Ultrastructure of the human spinal arachnoid mater and dura mater

Abstract

Human spinal dura and arachnoid, obtained during neurosurgical operations, were studied by transmission electron microscopy. The ultrastructure of spinal meninges largely conformed to the morphology of the cranial meninges, but some minor differences were detected. The dura was composed of an outermost loosely arranged fibroelastic layer, a middle basically fibrous portion and an innermost cellular layer (dural border cell layer). The dural border cell layer was characterised by multiple interdigitating cell processes, no extracellular collagen, significant extracellular spaces and few cell junctions. Paravascular vesiculated nerve profiles were encountered within the fibroadipose epidural tissue. The arachnoid was composed of an butermost portion (arachnoid barrier cell layer), presenting tightly packed cells, numerous tight junctions and no extracellular collagen. In view of its numerous tight junctions, the arachnoid barrier cell layer is considered to represent an effective morphological and physiological meningeal barrier between the cerebrospinal fluid in the subarachnoid space and the blood circulation in the dura. The arachnoid barrier layer was always characterised by a distinct continuous basal lamina on its inner surface towards the innermost collagenous portion of the arachnoid (arachnoid reticular cell layer). The interweaving arachnoid trabecular cells within this layer possessed numerous mitochondria and were anchored to the inner surface of the arachnoid barrier cell layer by desmosomes.

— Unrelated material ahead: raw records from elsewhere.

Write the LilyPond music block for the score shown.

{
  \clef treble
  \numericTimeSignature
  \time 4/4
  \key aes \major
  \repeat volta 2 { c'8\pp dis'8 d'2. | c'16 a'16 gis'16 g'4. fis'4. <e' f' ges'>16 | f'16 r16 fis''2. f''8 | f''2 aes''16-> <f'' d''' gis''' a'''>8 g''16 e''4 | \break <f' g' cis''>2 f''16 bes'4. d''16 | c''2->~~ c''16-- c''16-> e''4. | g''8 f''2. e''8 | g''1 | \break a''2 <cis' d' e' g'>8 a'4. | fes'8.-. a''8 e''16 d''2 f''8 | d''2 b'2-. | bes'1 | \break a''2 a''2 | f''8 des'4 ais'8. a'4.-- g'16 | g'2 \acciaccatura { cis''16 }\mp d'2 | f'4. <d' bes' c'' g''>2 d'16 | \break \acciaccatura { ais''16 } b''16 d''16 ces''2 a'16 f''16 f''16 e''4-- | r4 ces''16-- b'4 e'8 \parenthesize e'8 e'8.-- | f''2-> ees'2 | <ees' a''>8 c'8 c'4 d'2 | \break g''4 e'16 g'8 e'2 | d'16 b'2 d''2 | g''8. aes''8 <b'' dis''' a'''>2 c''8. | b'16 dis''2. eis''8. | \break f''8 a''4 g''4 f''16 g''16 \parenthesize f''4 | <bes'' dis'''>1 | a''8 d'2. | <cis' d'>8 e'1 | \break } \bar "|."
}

An additional layer of flattened branching cells was demonstrated along the inner surface of the arachnoid reticular cell layer and assumed to be an 'arachnoid border cell layer'. Morphological data suggest that the dura and arachnoid closely adhere at spinal levels in man without any naturally occurring 'subdural space'. However, structurally, the dural border cell layer forms a weak cell layer at the dura-arachnoid continuum that is easily disrupted. The creation of an artifactual subdural space at spinal levels is discussed.